L’offre au Journal de Charleroi avait été une surprise et une aubaine stratégique et pour tout dire inespérée pour ses propriétaires. Bien plus que pour « La Wallonie » ou « la Dernière Heure », d’abord contactés, et qui avaient décliné. La fin d’ “Indépendance” n’était pas qu’une affaire commerciale. Ce n’était pas qu’un concurrent qui disparaitrait et une clientèle qu’on récupérerait.

C’était aussi – surtout? – qu’on tordrait le cou à l’esprit d « ’Indépendance ». Les impertinences qui dérangeaient se tairaient. Le parti et le syndicat socialistes, propriétaire du Journal de Charleroi, ne seraient plus chatouillés. Les mouvements dissidents, notamment régionalistes, seraient de fait moins entendus puisque moins relayés.

Les préavis seraient vivement distribués le 3 février.

L'imprimerie de l'Indépendance, le jeudi 2 février 1966. Définivement dans le silence.
L’imprimerie de l’Indépendance, le jeudi 2 février 1966. Définitivement dans le silence.

L’affaire avait été… bouclée (comme on dit dans la presse écrite) en septante deux heures chrono. Le journal de la résistance n’avait pas résisté à ce qui n’aura été finalement, de son début jusqu’à sa fin, que l’ambition peu scrupuleuse d’un seul homme…

« Il était marchand. Il vendait « Indépendance » au numéro. Un jour, il le vendit en bloc, sans prévenir personne….C’en était fini d’ “Indépendance” …. Il est vrai que ce titre dans les milieux de la presse paraissait de plus en plus déplacé », conclura Gabriel Thoveron, Professeur à l’Université Libre de Bruxelles, d’Histoire et la Sociologie des médias.

Mais ce n’est serait pas fini de la saga de la presse socialiste.

La fusion qui interviendrait par la suite entre « Journal de Charleroi et Indépendance » et « Le Peuple » n’empêcherait pas que résonne le « requiem pour la presse socialiste » avant la fin du siècle, pour reprendre un autre titre de René-P. Hasquin.
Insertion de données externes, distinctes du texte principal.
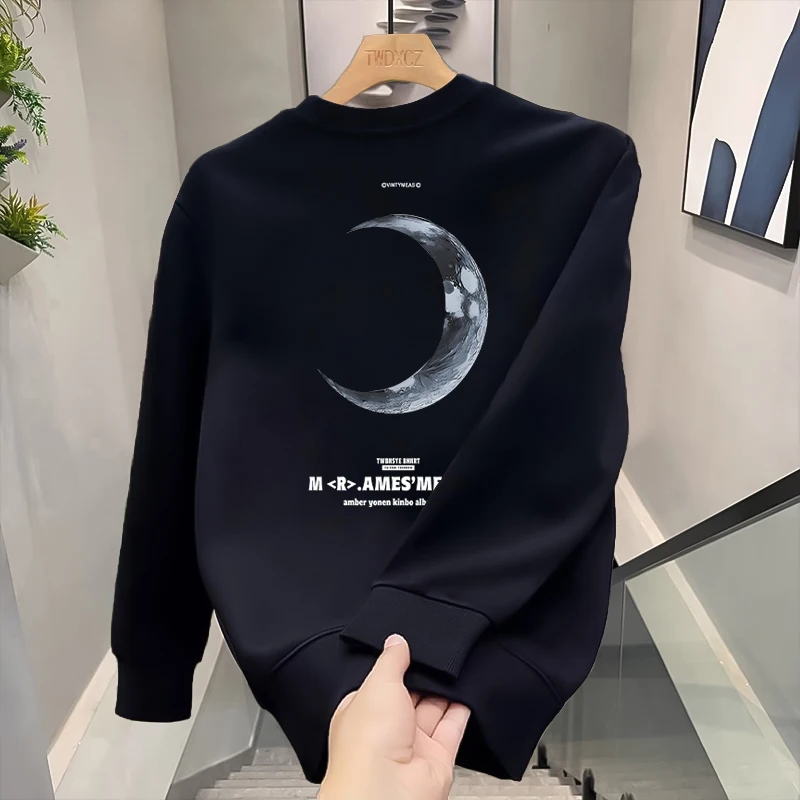 Retro American Long Sleeve T-Shirt Creative Print round Neck Loose Fit Sweatshirt Large Size Cotton Youthful Autumn Wear
Retro American Long Sleeve T-Shirt Creative Print round Neck Loose Fit Sweatshirt Large Size Cotton Youthful Autumn Wear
L’ultime tentative de sauver la presse socialiste par la fusion des quotidiens “La Wallonie” “et “Le Peuple-Le Journal de CharleroiIndépendance“, n’aura pas plus de succès. Le titre nouveau – “Le Matin” -, dont le premier numéro sortira le 24 mars 1998, ne vivra que ce que durent les roses… Et le dossier de la presse socialiste sera définitivement refermé en mars 2001.

La Mort du Petiti Journal
La Mort du Petiti Journal

René-Pierre Hasquin a publié aux Editions CERES/NUKERKE en 1967 « la Mort du Petit Journal ». Il livre « à chaud » son témoigne de la fin de l’Indépendance dont il était secrétaire général à la liquidation. Il livre en même temps qu’une évocation de l’épopée du titre, une leçon de journalisme de proximité qui vaut toujours aujourd’hui – et de gestion des médias où la promotion n’est pas étrangère, on le voit. Son témoignage est de première main. Les hasards de la vie nous ont fait nous croisé, bien plus tard, au début de ces années 2000, où il était un membre actif de la Commission consultative Régionale du Centre de Production de Charleroi, dont j’avais pris la direction. Nous avons quelques fois évoqué cet épisode de sa vie, qui fut aussi, on le verra, un peu de la mienne.

Les illustrations de cet article sont extraites de son livre, sauf mention contraire.

https://garamond.culture.gouv.fr/fr/la-machine-composer-linotype#:~:text=Au%20lieu%20d'aligner%20%C3%A0,d'un%20alliage%20de%20plomb.
Radioscopie de la Presse Belge

Cette évocation recourt encore amplement à la « Radioscopie de la presse belge », publié en 1975 par André Gérard dans la suite des 18 émissions éponymes de la RTB (1° programme), produite par le Centre de Production de Bruxelles et le Journal Parlé, diffusées en 1972 et conçues par Marthe Dumon laquelle, ironie de l’histoire, commença sa carrière à l’Indépendance. René Campé et Jean-Jacques Jespers ont encore co-signé l’ouvrage.

J’ai enfin, vivace, le souvenir de mon père. Jusqu’à son décès, en août 1966, il a été linotypiste à l’Indépendance, dont il était aussi correspondant pour la Région de Centre et Carnières, signant d’un énigmatique C27.